Restrictions vestimentaires pour des raisons de contact avec la clientèle.

Lorsque les salariés sont susceptibles d’être en contact avec la clientèle de l’entreprise, l’employeur a la faculté de justifier en raison de nécessités professionnelles, de mettre en place des restrictions en matière vestimentaire. C’est ainsi que le port d’un uniforme ou d’un insigne, caractérisant l’appartenance à l’entreprise peut être imposé par l’employeur dès lors que celui-ci est en mesure de démontrer que cette exigence est liée, dans l’intérêt de la clientèle, à l’exercice de certaines fonctions. A titre d’exemple, un vendeur en magasin peut être contraint à porter une tenue permettant de caractériser sa fonction sur son lieu de travail. De la même manière, le port d’un uniforme peut être imposé dans un grand hôtel aux personnes en lien avec la clientèle.

La problématique se complexifie lorsque l’employeur n’impose pas le port d’une tenue particulière, mais compte exiger le port d’une tenue « correcte » aux salariés (notion plutôt subjective) qui sont en contact avec la clientèle. En effet, à défaut d’un uniforme particulier fourni par l’employeur, la question de la liberté de se vêtir reprend toute sa vigueur. Pour autant, au regard des différentes positions adoptées par les tribunaux, il est possible de dégager une certaine tendance. A notre sens, un employeur peut interdire à un salarié en contact avec la clientèle de se présenter au travail en survêtement. De la même manière, un employeur peut imposer le port le pantalon, au lieu d’un bermuda, sous leur blouse de travail.

Restrictions vestimentaires lorsque les salariés ne sont pas en contact avec la clientèle.

Le fait de ne pas être en contact avec la clientèle ne retire en rien le respect du devoir de loyauté vis-à-vis de son employeur. De fait, à notre sens, le salarié se doit de respecter les « codes » de l’entreprise même lorsqu’il n’est pas en contact avec la clientèle. De fait, si de simples négligences ne peuvent justifier un licenciement, celles-ci ont tout de même certaines limites. Le comportement d’un(e) salarié(e) portant des vêtements moulants ne caractérise pas en soit un abus préjudiciable à l’entreprise permettant à l’employeur d’envisager une sanction. En revanche, la Haute juridiction en France a admis le licenciement d’une salariée qui persistait à travailler vêtue d’un chemisier transparent sans soutien-gorge car sa tenue suggestive pouvait susciter un trouble dans l’entreprise.[1]

Tout est ici question d’appréciation par les juges.

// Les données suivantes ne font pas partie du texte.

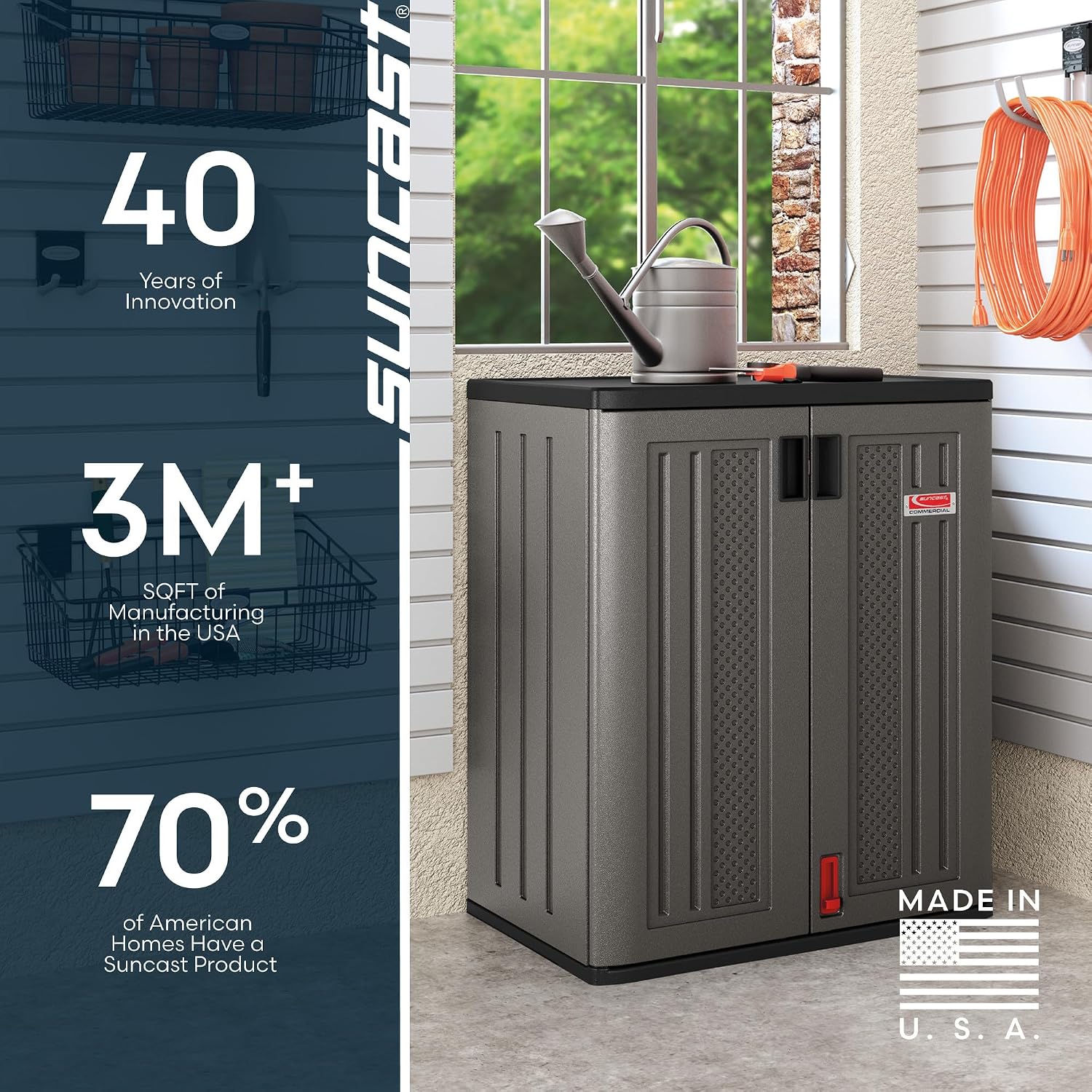 Suncast Heavy-Duty Resin Outdoor Storage Cabinet, 30' W x 20.25' D x 36' H Dark Grey Base Garage Storage Cabinet with Lockable Doors and Metal Reinforced Shelves, Made in The USA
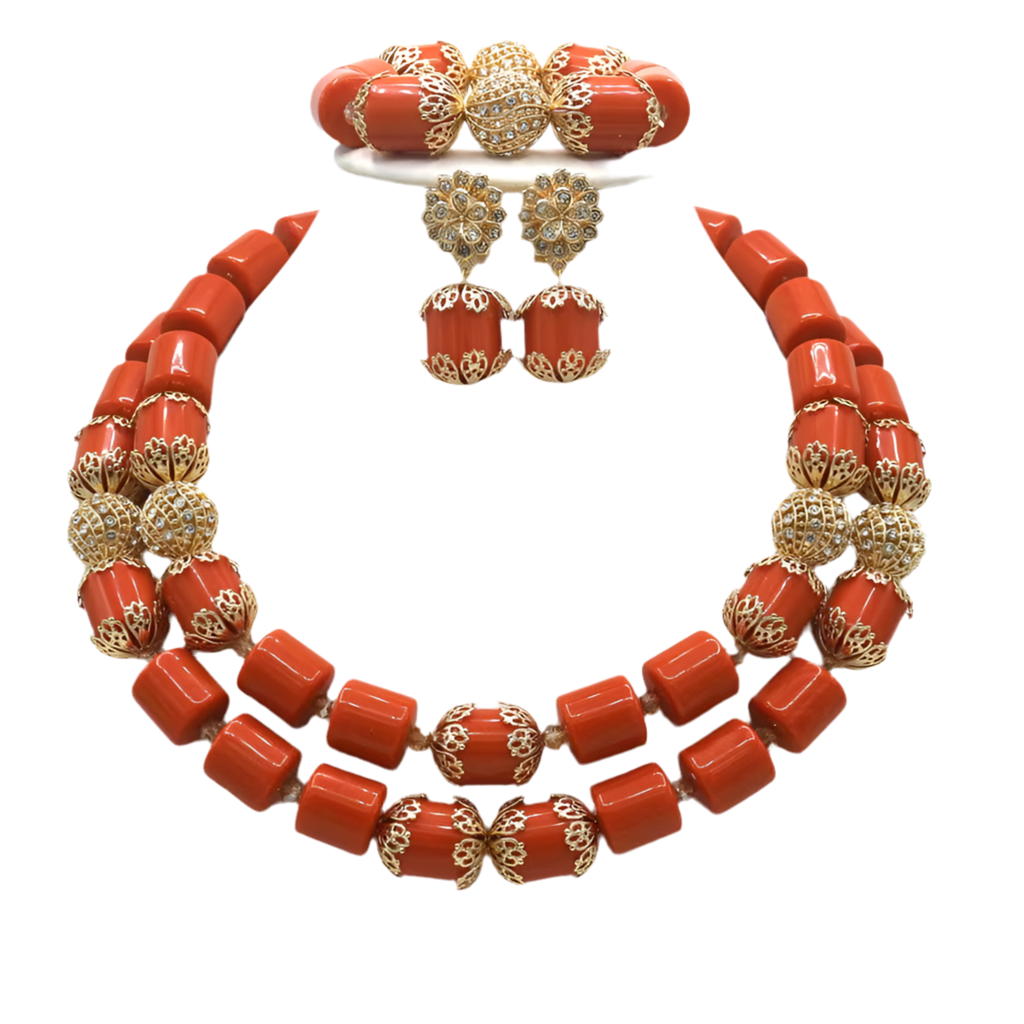 Exquisite African Coral Beads Wedding Jewelry Set | Necklace, Bracelet, and Earrings Collection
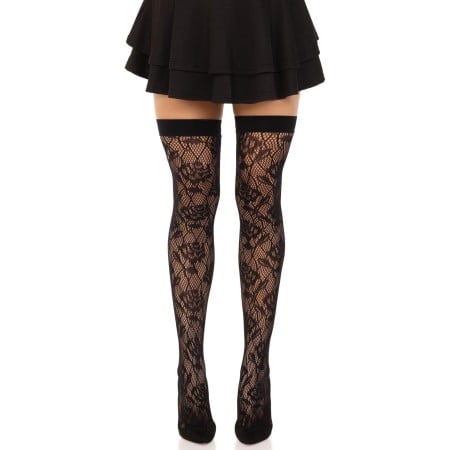 Leg Avenue Wild Rose Net Thigh Highs Black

Il a été jugé en revanche au Luxembourg que le port du jeans par une vendeuse ne constitue pas une cause réelle et sérieuse de licenciement sous peine de porter atteinte aux libertés individuelles, ce d’autant plus que le port du jeans n’a pas porté atteinte à l’intérêt et au bon fonctionnement de l’entreprise ( TA, 11/06/1992, 2044/92).

Restrictions vestimentaires et liberté religieuse.[2]

L’employeur peut restreindre la liberté de se vêtir lorsque ces restrictions sont justifiées par la nature de la tâche à accomplir et qu’elles répondent à une exigence professionnelle essentielle et déterminante. Il est nécessaire en outre, que les restrictions soient proportionnées au but recherché.

Par principe, les décisions visant à répondre à des impératifs d’hygiène et de sécurité seront justifiées et proportionnées. L’employeur peut donc justifier des restrictions à la liberté religieuse ainsi qu’à la liberté de se vêtir afin d’imposer le port d’un équipement de protection, comme une tenue stérile ou un casque de sécurité. Il peut également interdire le port de certaines tenues, en raison de sa conséquence en matière de sécurité et d’hygiène au travail.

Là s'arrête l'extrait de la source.